Arnd Bergmann Nov. 28, 2022, 7:18 p.m. UTC | #1
On Mon, Nov 28, 2022, at 12:18, Jason A. Donenfeld wrote:
> Hook up the generic vDSO implementation to the x86 vDSO data page. Since
> the existing vDSO infrastructure is heavily based on the timekeeping
> functionality, which works over arrays of bases, a new macro is
> introduced for vvars that are not arrays.
>
> Also enable the vgetrandom_alloc() syscall, which the vDSO
> implementation relies on.
>
> The vDSO function requires a ChaCha20 implementation that does not write
> to the stack, yet can still do an entire ChaCha20 permutation, so
> provide this using SSE2, since this is userland code that must work on
> all x86-64 processors.
>
> Reviewed-by: Samuel Neves <sneves@dei.uc.pt> # for vgetrandom-chacha.S
> Signed-off-by: Jason A. Donenfeld <Jason@zx2c4.com>
> ---
>  arch/x86/Kconfig                        |   1 +
>  arch/x86/entry/syscalls/syscall_64.tbl  |   1 +

I see that this enables the syscall in x86-64, while patch 1
adds it to the eight architecures that use 
include/uapi/asm-generic/unistd.h (with the __ARCH_WANT_*
guard at the moment, but you already said that will be removed)

I think ideally the syscall.tbl and unistd.h changes should be done
in one patch for all architectures that doesn't mix it with
any other changes.

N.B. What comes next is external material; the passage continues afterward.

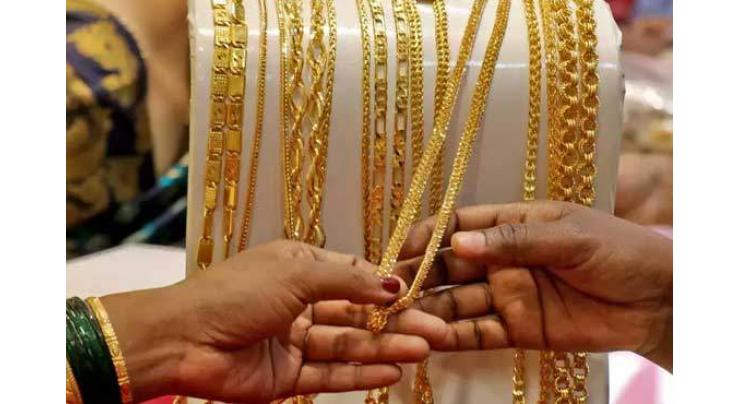 Gold prices decline by Rs.2,750 to Rs.138,450 per tola 28 May 2022
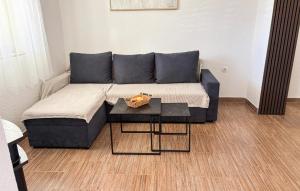 Beautiful Apartment In Lukovo Sugarje With House Sea View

In particular I think it should be separate
from the vdso changes, but could be in the patch that implements
the syscall.

      Arnd
Jason A. Donenfeld Nov. 28, 2022, 7:23 p.m. UTC | #2
Hi Arnd,

On Mon, Nov 28, 2022 at 08:18:12PM +0100, Arnd Bergmann wrote:
> On Mon, Nov 28, 2022, at 12:18, Jason A. Donenfeld wrote:
> > Hook up the generic vDSO implementation to the x86 vDSO data page. Since
> > the existing vDSO infrastructure is heavily based on the timekeeping
> > functionality, which works over arrays of bases, a new macro is
> > introduced for vvars that are not arrays.
> >
> > Also enable the vgetrandom_alloc() syscall, which the vDSO
> > implementation relies on.
> >
> > The vDSO function requires a ChaCha20 implementation that does not write
> > to the stack, yet can still do an entire ChaCha20 permutation, so
> > provide this using SSE2, since this is userland code that must work on
> > all x86-64 processors.
> >
> > Reviewed-by: Samuel Neves <sneves@dei.uc.pt> # for vgetrandom-chacha.S
> > Signed-off-by: Jason A. Donenfeld <Jason@zx2c4.com>
> > ---
> >  arch/x86/Kconfig                        |   1 +
> >  arch/x86/entry/syscalls/syscall_64.tbl  |   1 +
> 
> I see that this enables the syscall in x86-64, while patch 1
> adds it to the eight architecures that use 
> include/uapi/asm-generic/unistd.h (with the __ARCH_WANT_*
> guard at the moment, but you already said that will be removed)
> 
> I think ideally the syscall.tbl and unistd.h changes should be done
> in one patch for all architectures that doesn't mix it with
> any other changes. In particular I think it should be separate
> from the vdso changes, but could be in the patch that implements
> the syscall.

That's more or less how v7 was, but Thomas thought the x86 stuff should
be separate. So for v8, the organization is:

1) generic syscall
2) generic vdso
3) x86 wiring

The primary advantage is that future archs wanting to add this now can
just look at commit (3) only, and make a similar commit for that new
arch.

If you think a different organization outweighs that advantage, can you
spell out what division of patches you want, and I'll do that for v9?
Or maybe this v8 is okay?

Jason
Arnd Bergmann Nov. 28, 2022, 7:57 p.m. UTC | #3
On Mon, Nov 28, 2022, at 20:23, Jason A. Donenfeld wrote:
> On Mon, Nov 28, 2022 at 08:18:12PM +0100, Arnd Bergmann wrote:
>> On Mon, Nov 28, 2022, at 12:18, Jason A. Donenfeld wrote:
>
> That's more or less how v7 was, but Thomas thought the x86 stuff should
> be separate. So for v8, the organization is:
>
> 1) generic syscall
> 2) generic vdso
> 3) x86 wiring
>
> The primary advantage is that future archs wanting to add this now can
> just look at commit (3) only, and make a similar commit for that new
> arch.
>
> If you think a different organization outweighs that advantage, can you
> spell out what division of patches you want, and I'll do that for v9?
> Or maybe this v8 is okay?

My interest is that at the end of the series, all architectures
are hooked up with the same syscall number, which avoids confusion
and merge conflicts when we add the next syscall to all tables.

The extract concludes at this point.